What to do:
Word for word, restate the entries below and exclude every image.

Supplied records:
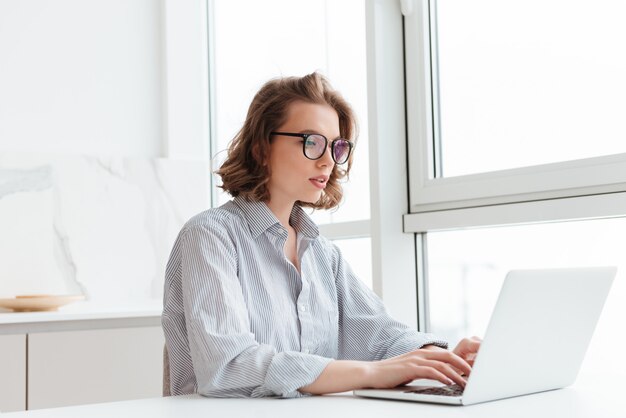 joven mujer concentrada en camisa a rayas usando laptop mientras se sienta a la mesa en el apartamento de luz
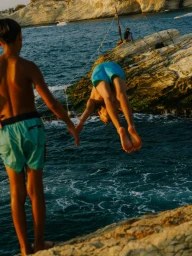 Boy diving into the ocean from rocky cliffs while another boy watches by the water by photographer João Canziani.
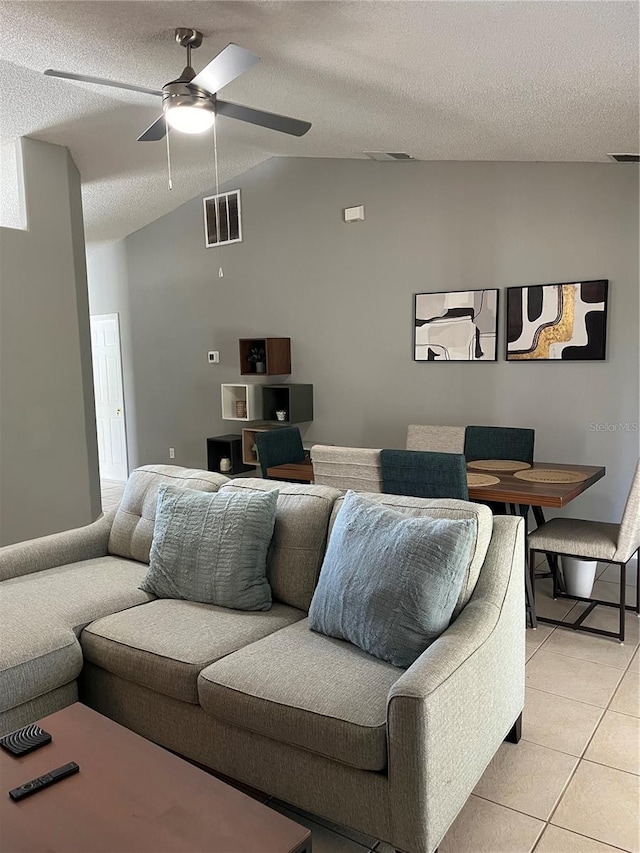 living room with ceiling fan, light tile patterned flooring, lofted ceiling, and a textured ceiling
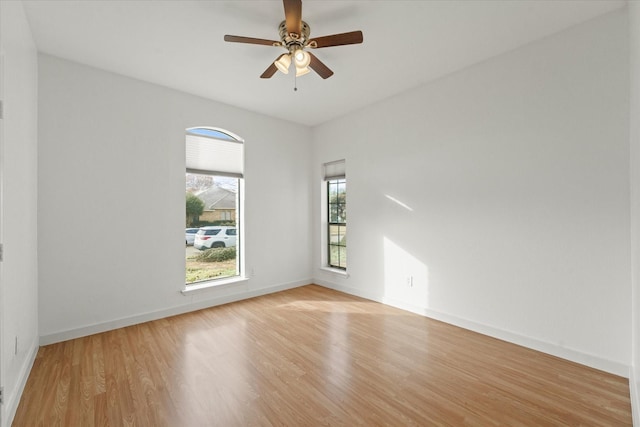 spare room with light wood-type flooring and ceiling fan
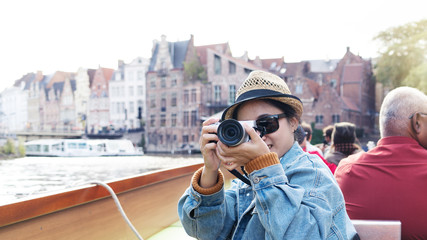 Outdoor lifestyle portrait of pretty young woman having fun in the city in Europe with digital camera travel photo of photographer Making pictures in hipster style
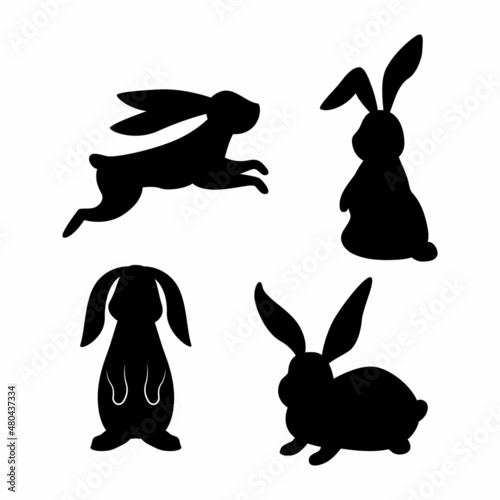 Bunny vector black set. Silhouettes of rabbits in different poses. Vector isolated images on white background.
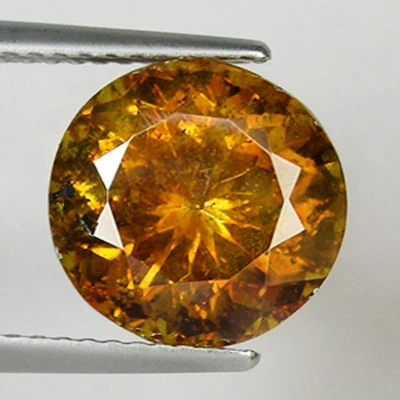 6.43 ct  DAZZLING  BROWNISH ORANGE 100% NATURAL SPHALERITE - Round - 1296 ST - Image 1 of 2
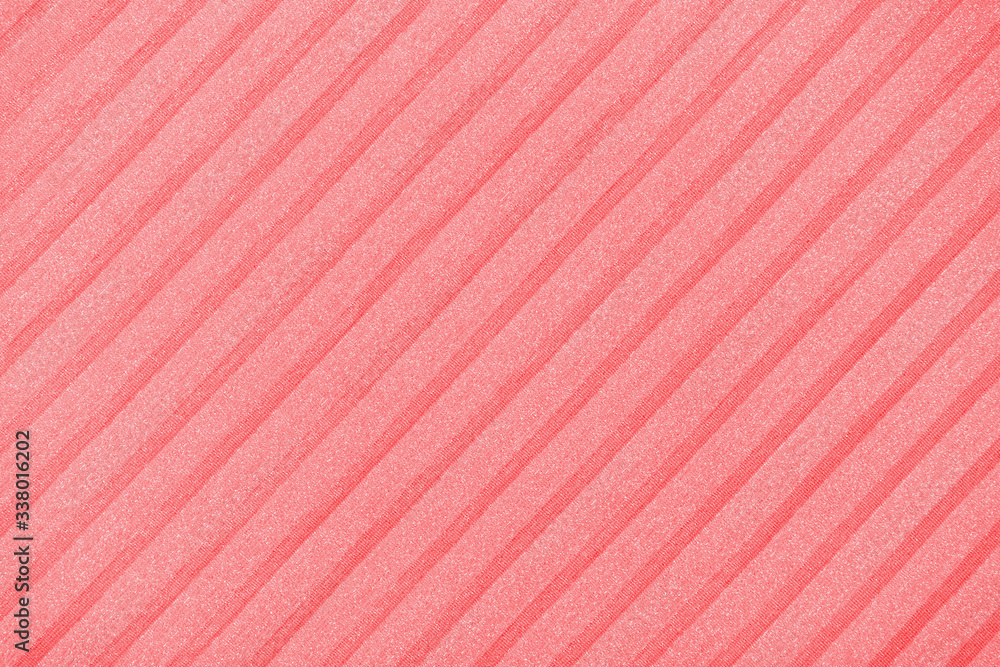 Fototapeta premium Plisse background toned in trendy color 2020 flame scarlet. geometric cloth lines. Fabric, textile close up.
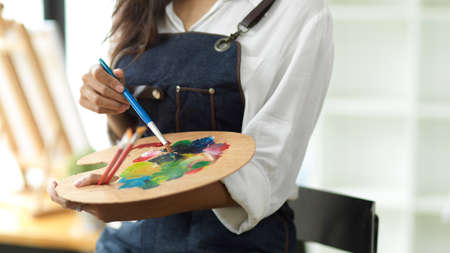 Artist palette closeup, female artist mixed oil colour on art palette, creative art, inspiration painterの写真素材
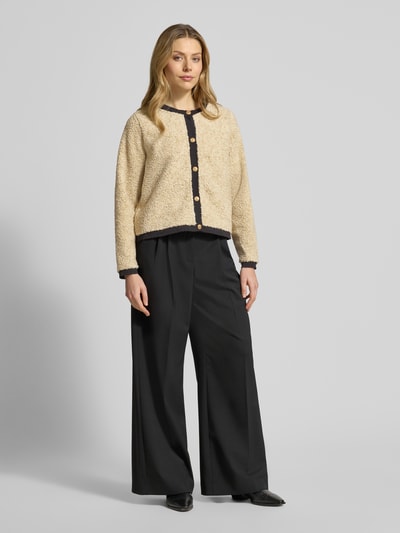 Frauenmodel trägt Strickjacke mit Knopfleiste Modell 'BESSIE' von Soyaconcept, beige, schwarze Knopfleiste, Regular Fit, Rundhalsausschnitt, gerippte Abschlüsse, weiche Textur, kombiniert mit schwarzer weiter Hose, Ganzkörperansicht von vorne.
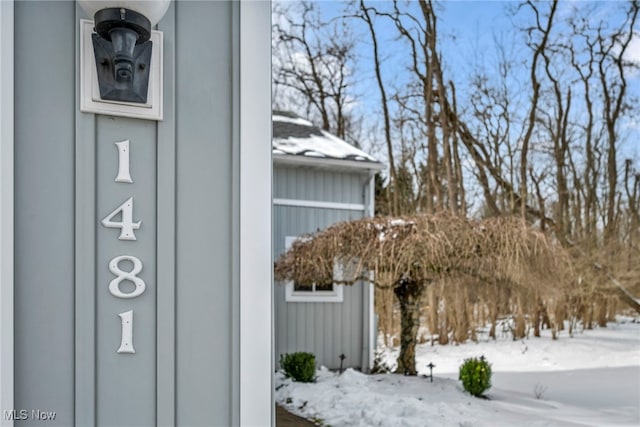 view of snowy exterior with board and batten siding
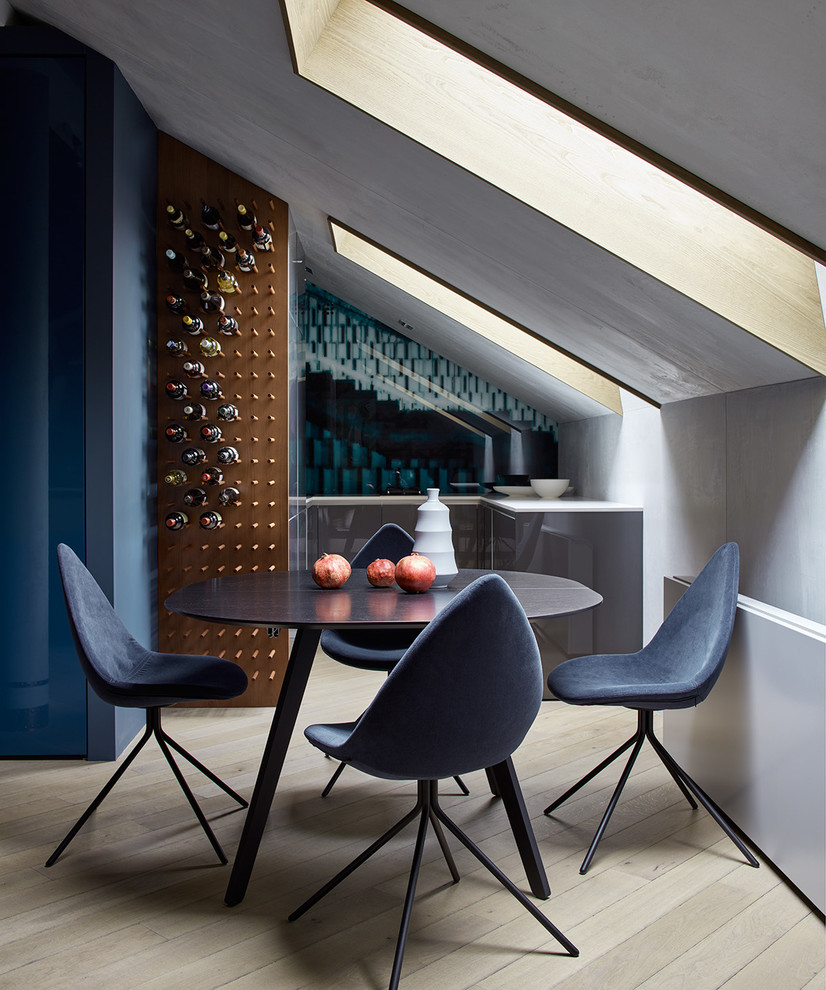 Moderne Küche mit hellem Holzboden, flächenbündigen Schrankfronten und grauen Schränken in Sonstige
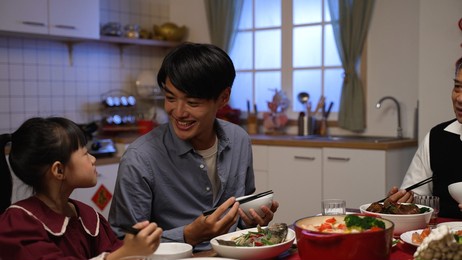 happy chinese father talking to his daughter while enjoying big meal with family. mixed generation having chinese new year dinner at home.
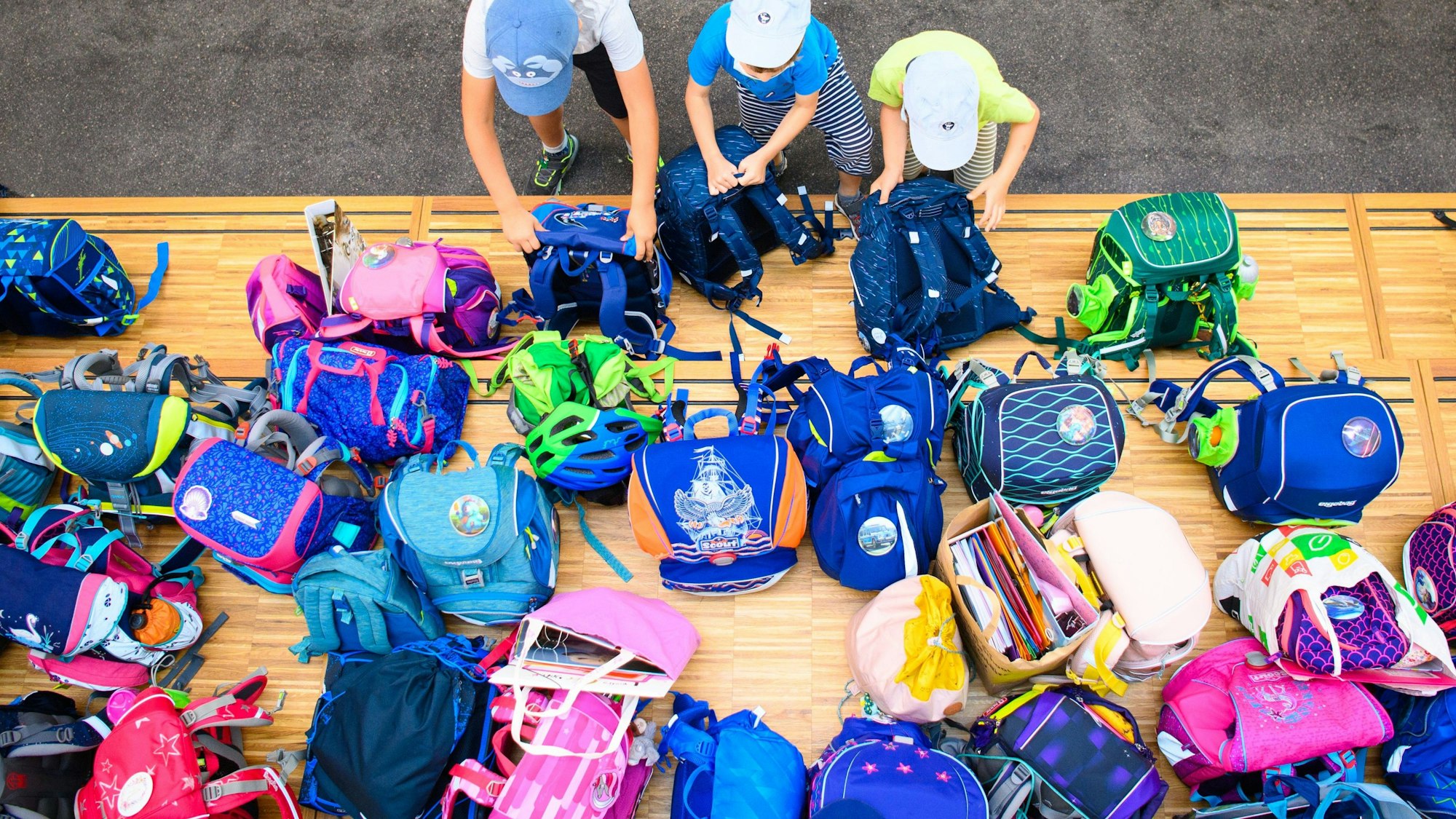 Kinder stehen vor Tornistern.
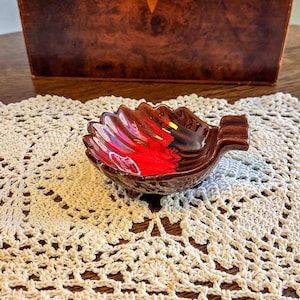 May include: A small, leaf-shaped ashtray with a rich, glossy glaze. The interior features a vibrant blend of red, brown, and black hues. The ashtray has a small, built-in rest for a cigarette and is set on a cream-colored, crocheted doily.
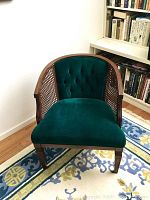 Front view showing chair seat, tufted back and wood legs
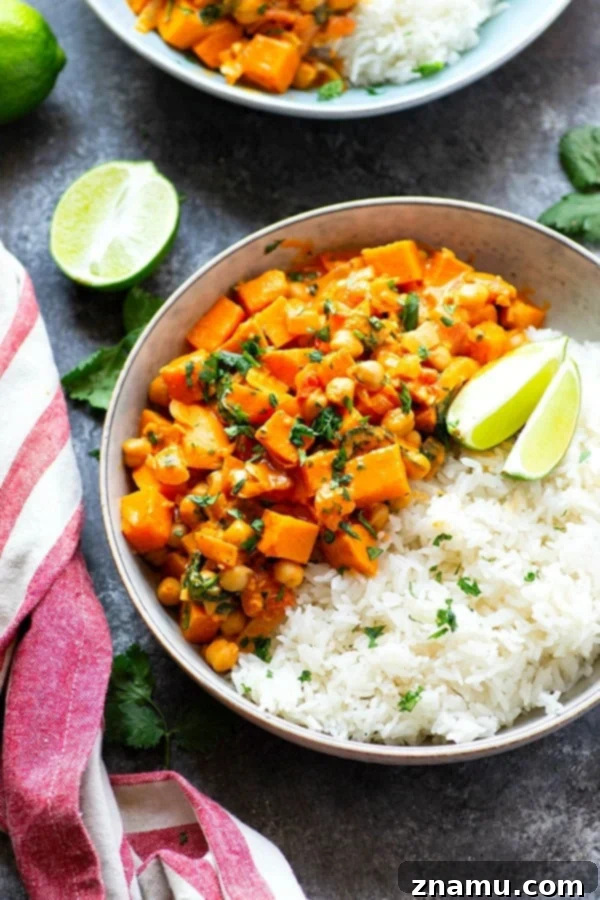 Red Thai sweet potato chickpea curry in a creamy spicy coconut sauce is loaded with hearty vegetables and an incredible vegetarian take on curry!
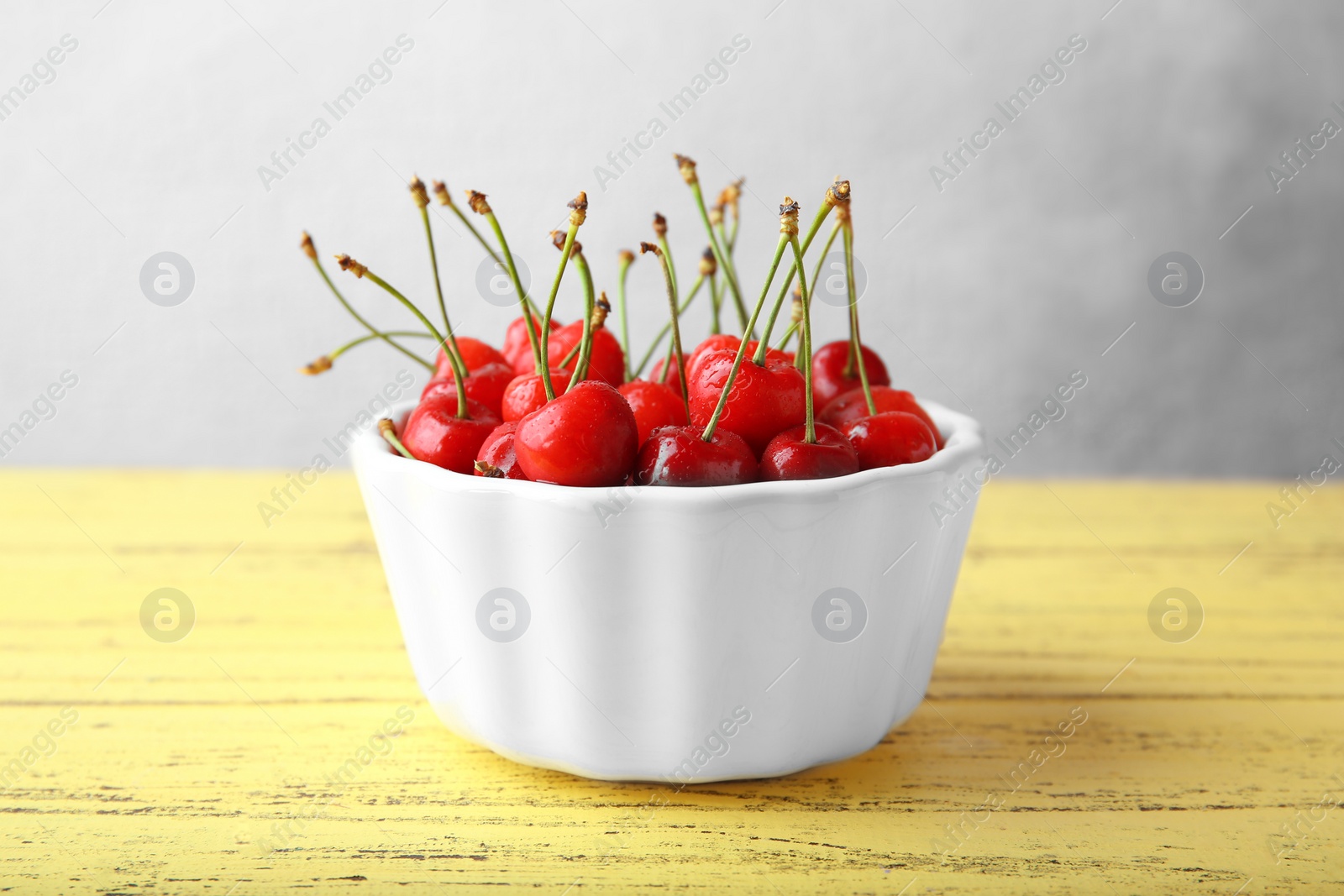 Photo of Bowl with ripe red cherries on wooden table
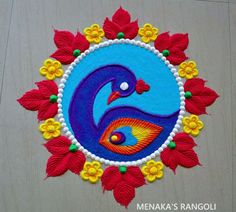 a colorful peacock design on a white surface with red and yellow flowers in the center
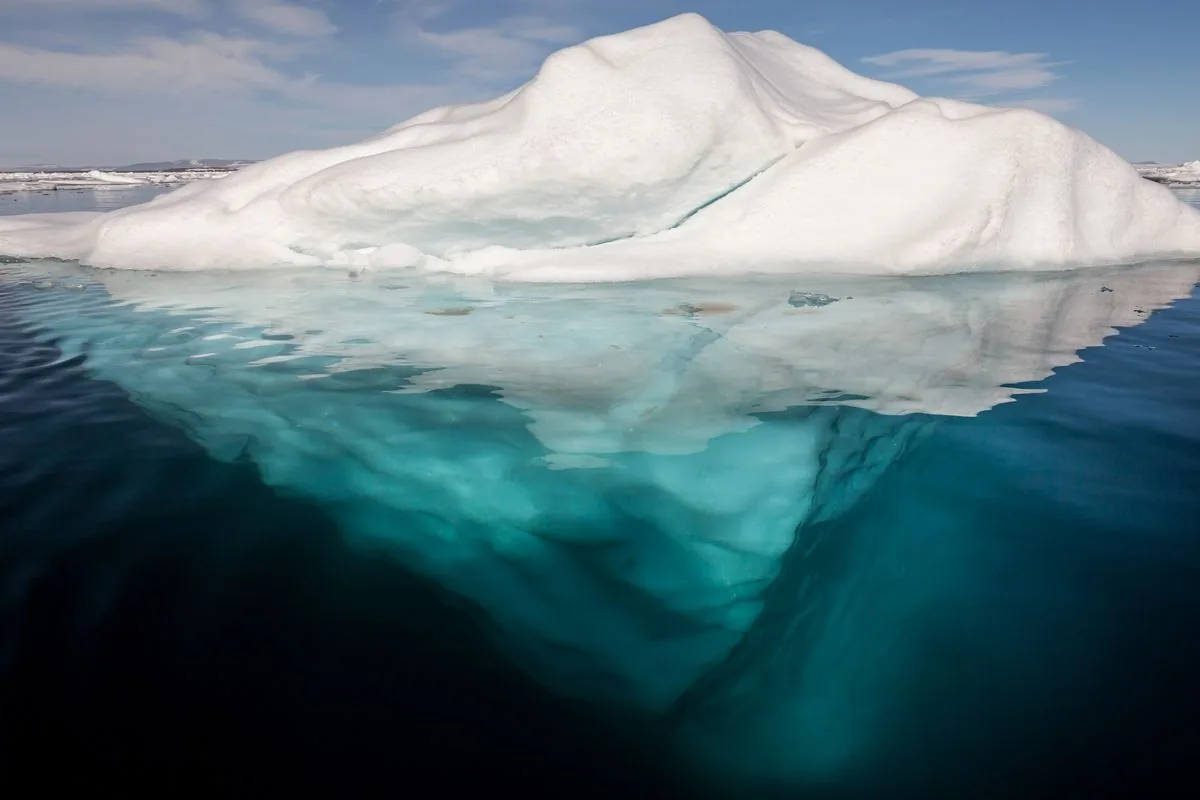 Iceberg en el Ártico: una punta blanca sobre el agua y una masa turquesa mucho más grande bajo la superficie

Exercise response:
 joven mujer concentrada en camisa a rayas usando laptop mientras se sienta a la mesa en el apartamento de luz
 Boy diving into the ocean from rocky cliffs while another boy watches by the water by photographer João Canziani.
 living room with ceiling fan, light tile patterned flooring, lofted ceiling, and a textured ceiling
 spare room with light wood-type flooring and ceiling fan
 Outdoor lifestyle portrait of pretty young woman having fun in the city in Europe with digital camera travel photo of photographer Making pictures in hipster style
 Bunny vector black set. Silhouettes of rabbits in different poses. Vector isolated images on white background.
 6.43 ct  DAZZLING  BROWNISH ORANGE 100% NATURAL SPHALERITE - Round - 1296 ST - Image 1 of 2
 Fototapeta premium Plisse background toned in trendy color 2020 flame scarlet. geometric cloth lines. Fabric, textile close up.
 Artist palette closeup, female artist mixed oil colour on art palette, creative art, inspiration painterの写真素材
 Frauenmodel trägt Strickjacke mit Knopfleiste Modell 'BESSIE' von Soyaconcept, beige, schwarze Knopfleiste, Regular Fit, Rundhalsausschnitt, gerippte Abschlüsse, weiche Textur, kombiniert mit schwarzer weiter Hose, Ganzkörperansicht von vorne.
 view of snowy exterior with board and batten siding
 Moderne Küche mit hellem Holzboden, flächenbündigen Schrankfronten und grauen Schränken in Sonstige
 happy chinese father talking to his daughter while enjoying big meal with family. mixed generation having chinese new year dinner at home.
 Kinder stehen vor Tornistern.
 May include: A small, leaf-shaped ashtray with a rich, glossy glaze. The interior features a vibrant blend of red, brown, and black hues. The ashtray has a small, built-in rest for a cigarette and is set on a cream-colored, crocheted doily.
 Front view showing chair seat, tufted back and wood legs
 Red Thai sweet potato chickpea curry in a creamy spicy coconut sauce is loaded with hearty vegetables and an incredible vegetarian take on curry!
 Photo of Bowl with ripe red cherries on wooden table
 a colorful peacock design on a white surface with red and yellow flowers in the center
 Iceberg en el Ártico: una punta blanca sobre el agua y una masa turquesa mucho más grande bajo la superficie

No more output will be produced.